Directed by Andy Brown and Brian Lindstrom, Lost Angel: The Genius of Judee Sill is a powerful story of one woman’s passion to find meaning in a world of madness. Set in 1970s LA, Lost Angel unearths the music—and the legacy—of Judee Sill, one of the most intriguing voices of the folk music era that helped define a generation. Beginning with a life of addiction, prison and even armed robbery, Sill skyrocketed to fame yet burned out just as brightly.
Lost Angel is a fitting title for the celebrated rediscovery of one of folk music’s most unique and powerful voices. Often times, it can be difficult to give a holistic portrait of a woman who died almost 50 years ago, but Brown and Lindstrom do their best to breathe life into her story with love and care. Through her music and diary entries, the film does an excellent job of allowing her to share her story in her own words. As such, despite the fact that her career ended in 1979, there is something about Sill’s voice that makes her feel current. At a time when the world was being turned upside down by social upheaval, Sill was determined to cry out to God for answers when all she had was questions.

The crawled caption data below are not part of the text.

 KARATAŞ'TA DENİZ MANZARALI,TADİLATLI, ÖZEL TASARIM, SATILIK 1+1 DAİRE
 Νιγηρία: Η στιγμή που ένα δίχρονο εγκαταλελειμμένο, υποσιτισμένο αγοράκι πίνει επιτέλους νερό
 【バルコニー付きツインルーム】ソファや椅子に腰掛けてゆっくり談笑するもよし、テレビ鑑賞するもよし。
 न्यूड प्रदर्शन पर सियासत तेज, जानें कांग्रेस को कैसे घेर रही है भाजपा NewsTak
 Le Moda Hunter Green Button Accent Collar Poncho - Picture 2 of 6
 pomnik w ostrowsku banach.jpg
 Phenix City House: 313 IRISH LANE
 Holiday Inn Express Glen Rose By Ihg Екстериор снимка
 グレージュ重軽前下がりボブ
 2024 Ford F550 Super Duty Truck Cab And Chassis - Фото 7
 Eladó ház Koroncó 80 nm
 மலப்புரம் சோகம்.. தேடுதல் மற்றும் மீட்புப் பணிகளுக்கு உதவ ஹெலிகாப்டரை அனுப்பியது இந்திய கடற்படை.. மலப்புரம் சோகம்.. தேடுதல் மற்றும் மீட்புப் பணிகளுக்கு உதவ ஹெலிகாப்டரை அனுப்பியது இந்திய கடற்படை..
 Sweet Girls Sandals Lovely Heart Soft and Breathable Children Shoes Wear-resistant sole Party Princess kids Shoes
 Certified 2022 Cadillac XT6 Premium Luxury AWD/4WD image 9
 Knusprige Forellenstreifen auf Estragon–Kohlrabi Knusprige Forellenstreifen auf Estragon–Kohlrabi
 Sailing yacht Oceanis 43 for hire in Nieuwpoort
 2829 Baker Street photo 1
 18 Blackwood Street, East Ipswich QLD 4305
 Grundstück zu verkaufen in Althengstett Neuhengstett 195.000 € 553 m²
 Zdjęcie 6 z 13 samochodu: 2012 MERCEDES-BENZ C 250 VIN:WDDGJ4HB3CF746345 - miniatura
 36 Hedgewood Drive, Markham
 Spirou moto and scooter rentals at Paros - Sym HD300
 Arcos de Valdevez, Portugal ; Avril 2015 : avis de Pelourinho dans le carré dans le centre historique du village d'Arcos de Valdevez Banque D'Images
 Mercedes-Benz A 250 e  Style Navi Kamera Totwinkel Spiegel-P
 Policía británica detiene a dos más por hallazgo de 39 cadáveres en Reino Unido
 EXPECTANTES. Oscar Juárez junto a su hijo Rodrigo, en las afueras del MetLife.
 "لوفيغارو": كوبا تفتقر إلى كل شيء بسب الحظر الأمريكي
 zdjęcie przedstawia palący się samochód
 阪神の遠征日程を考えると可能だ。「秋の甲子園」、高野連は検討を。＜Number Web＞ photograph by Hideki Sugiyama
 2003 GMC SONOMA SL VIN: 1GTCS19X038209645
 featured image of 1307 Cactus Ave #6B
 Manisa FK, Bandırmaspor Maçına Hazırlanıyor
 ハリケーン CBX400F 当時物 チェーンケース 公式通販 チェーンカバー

In this way, Lost Angel is a fascinating—but appropriate—title for the film. Enduring the pain of abuse in her youth, Sill had both a tragic story and immeasurable talent. With reverence and appreciation, Brown and Lindstrom depict Sill as a woman with a pure heart but still burdened by the weight of her soul. Determined to show the world what she could do, her music had a deep-seeded spiritual quest embedded within it that blurred the line between romantic and divine.
Hers was a voice grappling with the pain of trauma, yet searching for soul.
Lost Angel: The Genius of Judee Sill premiered at DOC NYC.